CommunicationMeetings7 min read

How to speak up in meetings: the mental shift that makes it easy

March 14, 2026

You have the thought. You know it's relevant. You open your mouth, and someone else starts talking. Or worse: you stay quiet, the moment passes, and twenty minutes later someone says exactly what you were thinking and everyone nods.

Research from Brigham Young University found that women speak 25% less than men in group settings. Introverts, junior employees, and people from high-context cultures report the same pattern. They have contributions to make, and something stops them from making them.

It's not usually a lack of ideas. It's a mechanics problem.

The real reason you don't speak up

A lot of "how to be more assertive in meetings" advice focuses on mindset: believe in yourself, your ideas matter, stop seeking permission. This is fine but useless in the moment.

The actual friction is timing and entry. You're waiting for the perfect moment, crafting the perfect sentence, and by the time you're ready, the conversation has moved on.

The fix is mechanical, not psychological.

The three-word entry technique

The most effective way to break into a meeting is to use a short transitional phrase that signals you're about to speak, before you've finished your full thought.

Examples: - "Building on that…" - "One thing I'd add…" - "I want to flag something…" - "Can I push back on that?" - "That reminds me of…"

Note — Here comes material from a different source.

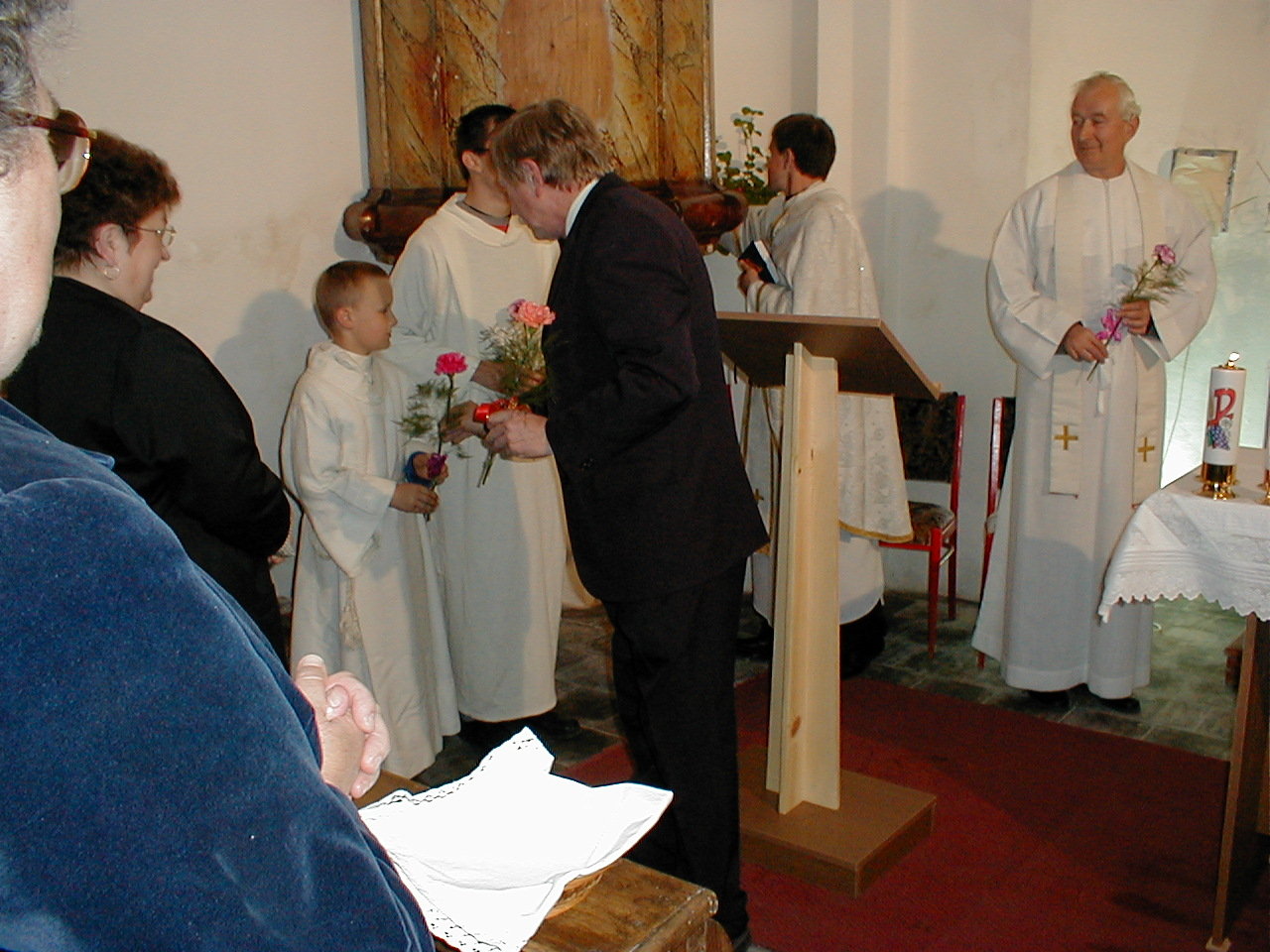 P6050066.JPG-starosta předává květiny.jpg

Say the phrase, then pause for a half-beat. The room turns to you. Now you have the floor, and you have two seconds to collect your thought.

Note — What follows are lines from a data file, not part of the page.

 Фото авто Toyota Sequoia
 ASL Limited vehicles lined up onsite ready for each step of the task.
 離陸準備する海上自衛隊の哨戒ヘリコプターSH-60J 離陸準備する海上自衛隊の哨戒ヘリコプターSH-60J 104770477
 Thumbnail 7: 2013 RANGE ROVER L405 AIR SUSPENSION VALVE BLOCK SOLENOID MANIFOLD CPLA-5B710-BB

This works because it breaks the activation energy problem. You don't need to have a polished thought. You need to claim the floor first.

The "yes, and" principle

When you don't know what to say, the safest move is to validate and extend whatever was just said:

"Yes, and I think this connects to [the Q3 issue / the customer feedback we got / the risk we identified last sprint]."

You're not disagreeing. You're contributing continuity. This is low-stakes and almost always valuable.

How to disagree without derailing the meeting

Disagreeing in meetings is high-risk because people conflate "you're wrong" with "I don't respect your idea." The way around this is to separate the idea from the conclusion:

Instead of: "I don't think that will work."

Say: "I'm curious about one assumption here: [assumption]. If that's off, does the approach change?"

You're not saying they're wrong. You're asking a question that makes the weakness visible without ownership.

This is also much harder to dismiss. A question requires an answer; a statement can be ignored.

The 48-hour rule for quiet people

If speaking up in live meetings feels impossible right now, start with a 48-hour rule: within 48 hours of any meeting, send a follow-up message (Slack, email, doesn't matter) with one observation or question that you didn't say in the meeting.

This does two things: 1. It builds the habit of formulating and expressing ideas 2. It changes how people see you, as someone who's thinking even when quiet

Over time, the gap between "thinking it" and "saying it in the room" shrinks.

Practice the mechanics, not the mindset

Speaking up in meetings is a skill, not a personality trait. Like any skill, it responds to deliberate practice:

  • Watch how high-status speakers enter conversations: they interrupt gracefully, use transitional phrases, and claim the floor before they have the full thought
  • Commit to one contribution per meeting: not more, just one. Lower the bar enough that it's achievable
  • Prepare a question before every meeting you attend: even if you don't ask it, having it ready reduces the mental load

The goal isn't to talk more. It's to stop self-filtering the contributions that would actually matter.